======== Available data ========

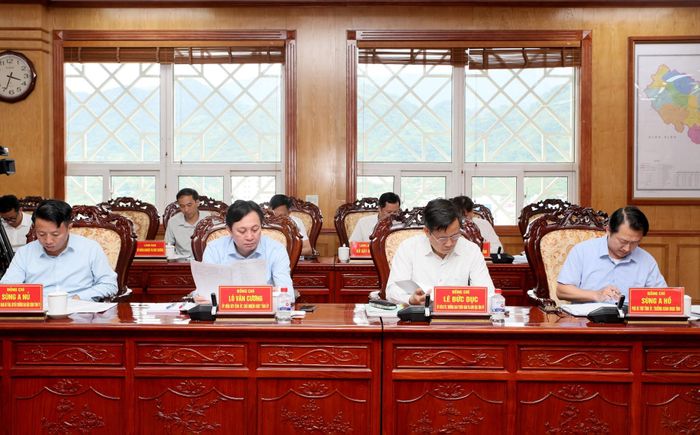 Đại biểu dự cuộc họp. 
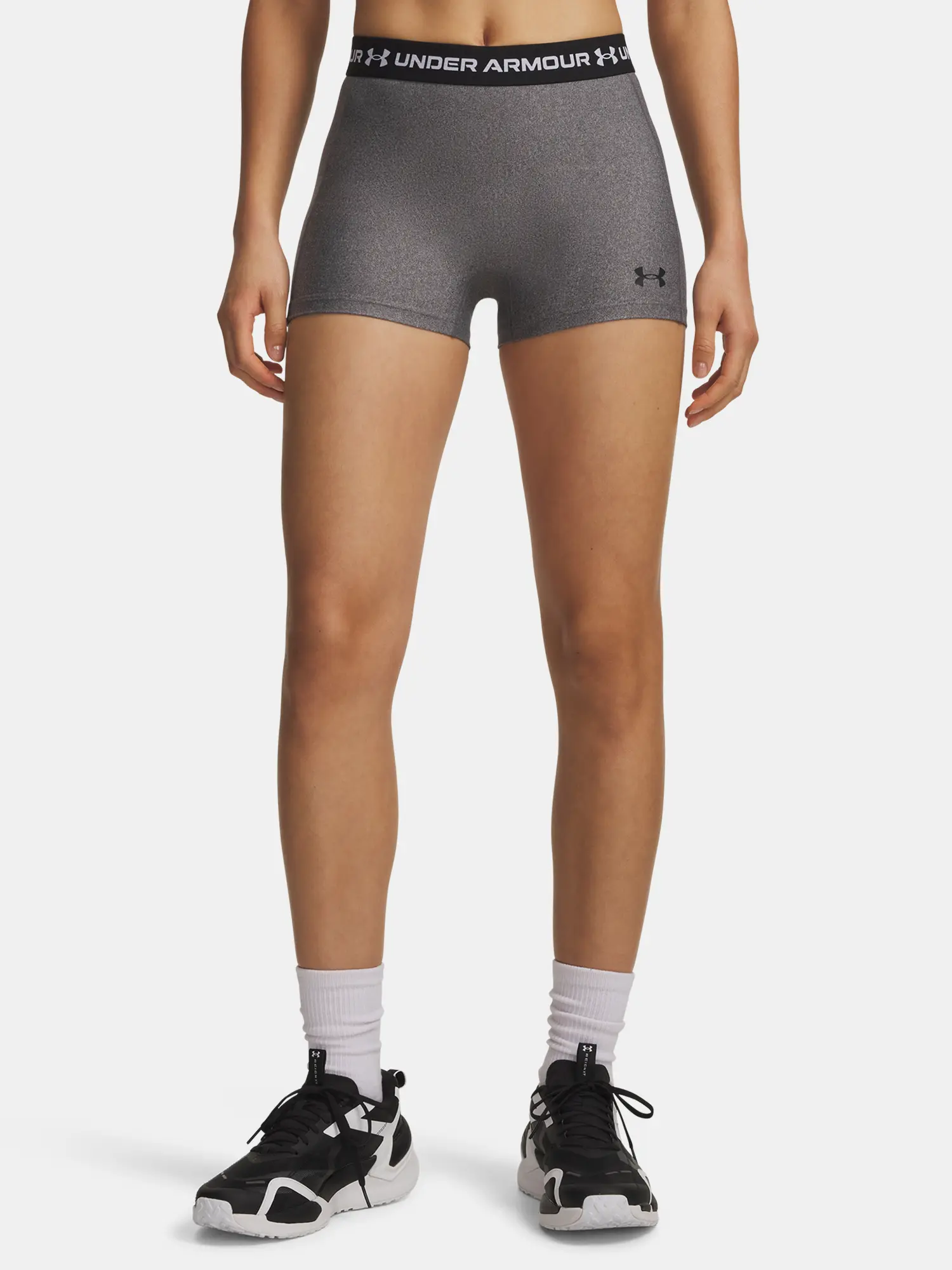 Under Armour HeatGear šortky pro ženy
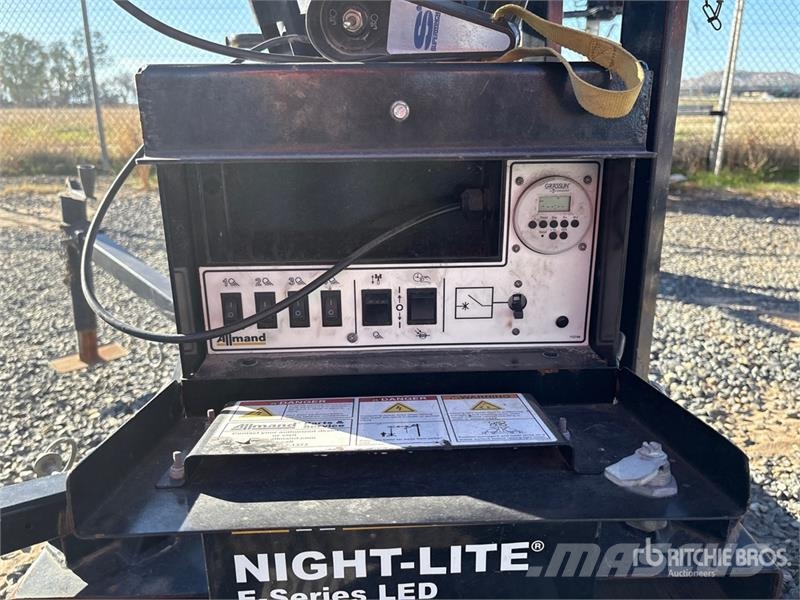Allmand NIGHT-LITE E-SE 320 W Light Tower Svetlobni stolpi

========

→ Action item: Return the listing above in full and without alteration, excluding its pictures.

→ Output of the exercise:
 Đại biểu dự cuộc họp. 
 Under Armour HeatGear šortky pro ženy
Allmand NIGHT-LITE E-SE 320 W Light Tower Svetlobni stolpi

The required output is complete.